Hotwire: First Reactions
Published: December 26, 2020
Hotwire is a set of libraries and conventions that does for single-page interactivity on web sites what Rails did for web applications.
It provides all the benefits of client-side single-page application (SPA) frameworks with almost none of the downsides.
Benefits of an SPA
All the benefits of a single-page app come down to different aspects of the same thing: reactivity.
When the user performs an action, the application reacts immediately, without the delay of an HTTP request, page download, render, and state reset.
When there is a change in application state that is not a initiated by the user, the change is immediately visible to the user without needing to click, reload, or wait for the page to download and re-render.
Downsides of an SPA
The downside of SPAs is that they are complicated. That complexity results in several times more work for developers, while simultaneously breaking functionality that is included automatically with HTML pages.
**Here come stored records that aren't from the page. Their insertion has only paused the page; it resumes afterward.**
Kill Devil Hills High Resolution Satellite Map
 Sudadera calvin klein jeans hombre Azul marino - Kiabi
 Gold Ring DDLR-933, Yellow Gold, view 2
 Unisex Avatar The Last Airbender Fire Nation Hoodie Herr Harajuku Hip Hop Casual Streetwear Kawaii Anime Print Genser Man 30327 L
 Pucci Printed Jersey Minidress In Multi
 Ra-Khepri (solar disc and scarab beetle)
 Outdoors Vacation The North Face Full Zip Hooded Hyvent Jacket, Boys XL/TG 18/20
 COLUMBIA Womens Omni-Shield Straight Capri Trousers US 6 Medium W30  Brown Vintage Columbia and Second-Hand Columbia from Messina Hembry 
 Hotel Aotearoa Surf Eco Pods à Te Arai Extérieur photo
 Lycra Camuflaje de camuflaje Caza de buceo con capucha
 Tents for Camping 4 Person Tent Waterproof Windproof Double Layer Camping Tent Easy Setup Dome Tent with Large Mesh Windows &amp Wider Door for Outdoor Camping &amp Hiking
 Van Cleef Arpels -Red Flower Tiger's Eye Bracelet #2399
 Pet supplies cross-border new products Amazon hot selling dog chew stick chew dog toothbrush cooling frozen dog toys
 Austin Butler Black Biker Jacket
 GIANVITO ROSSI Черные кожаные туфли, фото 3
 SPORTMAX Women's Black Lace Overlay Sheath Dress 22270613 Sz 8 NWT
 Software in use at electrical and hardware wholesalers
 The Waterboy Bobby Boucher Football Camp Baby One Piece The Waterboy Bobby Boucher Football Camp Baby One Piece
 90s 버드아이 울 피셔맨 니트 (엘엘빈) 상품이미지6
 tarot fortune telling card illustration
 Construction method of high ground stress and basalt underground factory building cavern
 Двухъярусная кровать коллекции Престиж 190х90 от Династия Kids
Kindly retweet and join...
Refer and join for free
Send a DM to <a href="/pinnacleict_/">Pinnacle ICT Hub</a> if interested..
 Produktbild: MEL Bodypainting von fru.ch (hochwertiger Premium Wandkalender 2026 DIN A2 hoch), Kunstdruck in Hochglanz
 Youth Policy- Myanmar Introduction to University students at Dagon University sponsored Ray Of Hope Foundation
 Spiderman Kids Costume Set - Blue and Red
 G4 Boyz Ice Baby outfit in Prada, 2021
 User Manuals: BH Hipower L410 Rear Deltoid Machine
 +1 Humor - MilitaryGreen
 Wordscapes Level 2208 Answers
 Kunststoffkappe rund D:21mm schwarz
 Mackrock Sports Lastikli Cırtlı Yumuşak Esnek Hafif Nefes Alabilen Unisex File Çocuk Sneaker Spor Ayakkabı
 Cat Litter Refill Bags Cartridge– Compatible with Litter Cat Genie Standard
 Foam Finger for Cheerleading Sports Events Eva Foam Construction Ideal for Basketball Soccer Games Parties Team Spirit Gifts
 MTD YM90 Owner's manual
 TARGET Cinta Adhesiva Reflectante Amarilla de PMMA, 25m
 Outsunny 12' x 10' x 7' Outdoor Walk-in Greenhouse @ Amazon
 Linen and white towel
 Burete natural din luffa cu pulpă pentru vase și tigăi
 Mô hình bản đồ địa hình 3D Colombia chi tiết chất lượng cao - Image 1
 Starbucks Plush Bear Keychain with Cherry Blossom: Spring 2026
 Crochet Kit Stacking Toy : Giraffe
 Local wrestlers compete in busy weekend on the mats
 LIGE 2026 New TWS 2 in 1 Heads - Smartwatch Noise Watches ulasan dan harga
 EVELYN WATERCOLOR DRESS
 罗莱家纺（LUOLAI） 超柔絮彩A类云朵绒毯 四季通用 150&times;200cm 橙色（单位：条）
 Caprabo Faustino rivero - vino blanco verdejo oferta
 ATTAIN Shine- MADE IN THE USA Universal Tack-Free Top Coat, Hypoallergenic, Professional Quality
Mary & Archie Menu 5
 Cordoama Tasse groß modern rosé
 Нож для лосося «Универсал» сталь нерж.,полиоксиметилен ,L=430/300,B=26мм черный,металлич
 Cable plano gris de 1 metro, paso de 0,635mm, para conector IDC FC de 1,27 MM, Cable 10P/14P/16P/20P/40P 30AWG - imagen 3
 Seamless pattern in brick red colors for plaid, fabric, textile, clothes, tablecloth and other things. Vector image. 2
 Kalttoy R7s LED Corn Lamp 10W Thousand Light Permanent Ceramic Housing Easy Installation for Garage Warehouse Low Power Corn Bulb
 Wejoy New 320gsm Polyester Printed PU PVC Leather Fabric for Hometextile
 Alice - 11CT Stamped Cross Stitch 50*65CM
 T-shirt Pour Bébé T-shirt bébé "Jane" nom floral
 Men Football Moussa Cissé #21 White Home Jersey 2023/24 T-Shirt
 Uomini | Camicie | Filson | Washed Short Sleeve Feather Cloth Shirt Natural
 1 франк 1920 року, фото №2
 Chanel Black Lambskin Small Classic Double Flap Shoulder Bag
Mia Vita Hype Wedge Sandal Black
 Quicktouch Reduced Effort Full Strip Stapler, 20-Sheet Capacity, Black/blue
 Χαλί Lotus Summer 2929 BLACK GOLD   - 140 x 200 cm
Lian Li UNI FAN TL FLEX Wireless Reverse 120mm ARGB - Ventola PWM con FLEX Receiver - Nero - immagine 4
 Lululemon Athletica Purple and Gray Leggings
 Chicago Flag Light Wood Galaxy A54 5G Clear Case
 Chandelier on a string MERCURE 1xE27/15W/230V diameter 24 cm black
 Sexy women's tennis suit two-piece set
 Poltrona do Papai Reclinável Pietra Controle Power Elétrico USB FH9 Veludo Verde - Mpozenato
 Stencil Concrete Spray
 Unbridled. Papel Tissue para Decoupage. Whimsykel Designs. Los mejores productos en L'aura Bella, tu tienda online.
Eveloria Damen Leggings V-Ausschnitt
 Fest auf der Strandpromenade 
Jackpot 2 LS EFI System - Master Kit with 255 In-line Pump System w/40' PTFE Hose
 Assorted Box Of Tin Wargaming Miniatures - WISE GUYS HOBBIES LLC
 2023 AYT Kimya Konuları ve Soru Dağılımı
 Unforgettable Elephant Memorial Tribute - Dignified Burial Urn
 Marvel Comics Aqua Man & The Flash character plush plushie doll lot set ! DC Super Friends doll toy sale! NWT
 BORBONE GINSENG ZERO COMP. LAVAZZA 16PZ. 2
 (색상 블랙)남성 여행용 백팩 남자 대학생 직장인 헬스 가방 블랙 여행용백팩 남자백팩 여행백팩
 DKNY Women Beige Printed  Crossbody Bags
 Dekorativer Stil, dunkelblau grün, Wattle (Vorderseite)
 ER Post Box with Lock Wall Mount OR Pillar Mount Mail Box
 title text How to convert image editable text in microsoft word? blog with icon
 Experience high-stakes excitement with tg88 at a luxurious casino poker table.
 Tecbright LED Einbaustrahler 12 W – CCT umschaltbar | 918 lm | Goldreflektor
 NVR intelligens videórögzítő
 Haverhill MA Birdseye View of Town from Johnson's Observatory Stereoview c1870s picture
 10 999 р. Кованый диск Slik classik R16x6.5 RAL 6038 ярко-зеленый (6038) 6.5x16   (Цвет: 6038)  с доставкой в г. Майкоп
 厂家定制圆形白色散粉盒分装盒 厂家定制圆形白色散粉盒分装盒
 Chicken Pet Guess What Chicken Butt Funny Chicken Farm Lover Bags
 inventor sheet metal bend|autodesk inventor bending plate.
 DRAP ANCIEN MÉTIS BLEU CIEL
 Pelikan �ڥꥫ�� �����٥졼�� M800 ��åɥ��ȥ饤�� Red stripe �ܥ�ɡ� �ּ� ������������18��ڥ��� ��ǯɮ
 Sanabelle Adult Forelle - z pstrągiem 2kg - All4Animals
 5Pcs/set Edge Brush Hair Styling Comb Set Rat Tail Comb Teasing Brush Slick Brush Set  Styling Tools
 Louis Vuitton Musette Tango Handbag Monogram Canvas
Users have to wait for the JS bundles to download and initialize before the application first begins to render. Then while using the app, they find that the web browser navigation buttons (back, reload, forward, etc.) cause the app to break or reset. URLs cannot be used to point to specific parts of the application, making bookmarks useless. Worse still, keyboard navigation, screen readers, and other assistive technology are often broken. And if you are running an uncommon browser or older hardware, you may not be able to use the app at all.
All of this could be fixed or mitigated with sufficient care and effort from the developers, but none of that work is necessary for web applications serving HTML and CSS.
Meanwhile, developers are also dealing with other added complications.
There are two main libraries that make up Hotwire, Turbo and Stimulus.
Turbo takes the strategy a step further and provides tools to update parts of the page in response to user action or live updates broadcast over a WebSocket.
How Hotwire works
Probably more important than the libraries that make up Hotwire are the conventions on how those libraries interact.
The most important of these conventions is the one that gives Hotwire its name, HTML over-the-wire.
Downsides of Hotwire
There is no silver bullet; even Hotwire has its downsides.
Hotwire is a new framework. It hasn’t been proven in a lot of applications and no one outside of Basecamp has a lot of experience with it.
However, Stimulus is proven technology that’s been around for years. Turbo evolved from Turbolinks which has been a part of Rails since 2012.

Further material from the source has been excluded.